Determine duplicate characters
In the above process, we also need to use a data structure to judge whether there are duplicate characters, The commonly used data structure is hash Set (i.e. std::unordered_set in C + +, HashSet in Java, Set in Python and Set in JavaScript). When the left pointer moves to the right, we remove a character from the hash Set. When the right pointer moves to the right, we add a character to the hash Set.
So far, we have solved the problem perfectly
class Solution {
public int lengthOfLongestSubstring(String s) {
// A hash set that records whether each character has occurred
Set<Character> occ = new HashSet<Character>();
int n = s.length();
// The right pointer, whose initial value is - 1, is equivalent to that we are on the left side of the left boundary of the string and have not started moving
int rk = -1, ans = 0;
for (int i = 0; i < n; ++i) {
if (i != 0) {
// The left pointer moves one space to the right to remove a character
occ.remove(s.charAt(i - 1));
}
while (rk + 1 < n && !occ.contains(s.charAt(rk + 1))) {
// Keep moving the right pointer
occ.add(s.charAt(rk + 1));
++rk;
}
// Characters i to rk are a very long non repeating character string
ans = Math.max(ans, rk - i + 1);
}
return ans;
}
}
results of enforcement
The execution passed.
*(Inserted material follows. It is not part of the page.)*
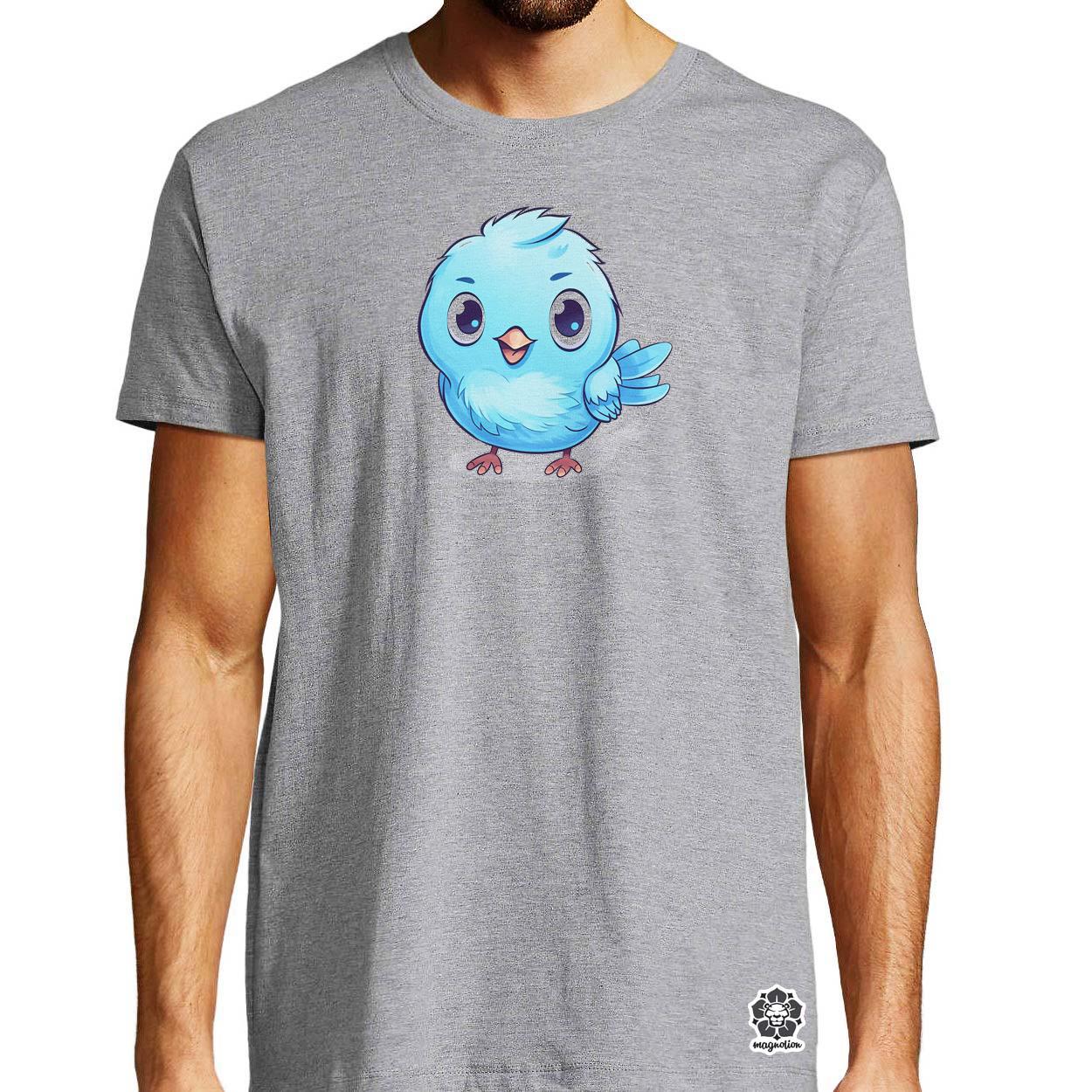 Kawaii kék madár v1 egyedi póló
The execution took 6ms and the memory consumption was 38.3 MB
🌻 Java method 2: traversal
General idea
Traverse the string, record with I value each time, do not backtrack the I value, and use flag to record the position of repeated characters found in the traversal process. If a duplicate character is encountered, i-flag is the length of the substring. At this time, the flag is relocated to the position of the duplicate character in the substring, and I continues to traverse back. Here, length and result record length. I think the code can be a little more concise, but it seems to be confused?
graphic
class Solution {
public int lengthOfLongestSubstring(String s) {
//a b c a b c d a d e
//0 1 2 3 4 5 6 7 8 9
int maxSize = 0;
//Record the position where ASCII characters appear, with characters as subscripts
int[] dict = new int[128];
//For ease of understanding, set all the contents of the array to - 1, and then start from 0 when recording for ease of understanding
Arrays.fill(dict, -1);
//A value used to record where duplicate ASCII characters appear
int repeatValue = -1;
// Current subscript
int i = 0;
int ASCII;
while (i < s.length()) {
ASCII = s.charAt(i);
//If the value of the current position > repeatvalue, it proves that the current position has been assigned a value once and the characters are repeated
if (dict[ASCII] > repeatValue)
//Update repeatValue to the subscript of the previous assignment
repeatValue = dict[ASCII];
//Assign the current subscript to the corresponding position of the array
dict[ASCII] = i;
//I - repeatvalue (remove duplicates)
// For example, the calculation of three a's in abcabcdade ABCA - a (3 - 0) = BCA abcabcda - ABCA (7 - 3) = bcda
maxSize = Math.max(maxSize, i - repeatValue);
//s.length() - repeatValue - 1 judge whether it is necessary to continue the cycle for the remaining number
//For example, the last a of abcabcdade (when I = 7, repeatvalue = 3), abcabcdade - abca(10-3-1) = bcdade, there are at most six digits left
//For example, the last d of abcabcdade (when I = 8, repeatvalue = 6), abcabcdade - abcabcd(10-6-1) = ade, and at most three digits remain
if (maxSize >= s.length() - repeatValue - 1) {
return maxSize;
}
i++;
}
return maxSize;
}
}
results of enforcement
The execution passed. The execution took 2ms and the memory consumption was 42.68 MB
💬 summary
- Today is the third day of punching out the force deduction algorithm!
- This paper uses C# and Java programming languages to solve problems
- Some methods are also written by Likou God, and they are also shared while learning. Thanks again to the algorithm bosses
- That's the end of today's algorithm sharing. See you tomorrow!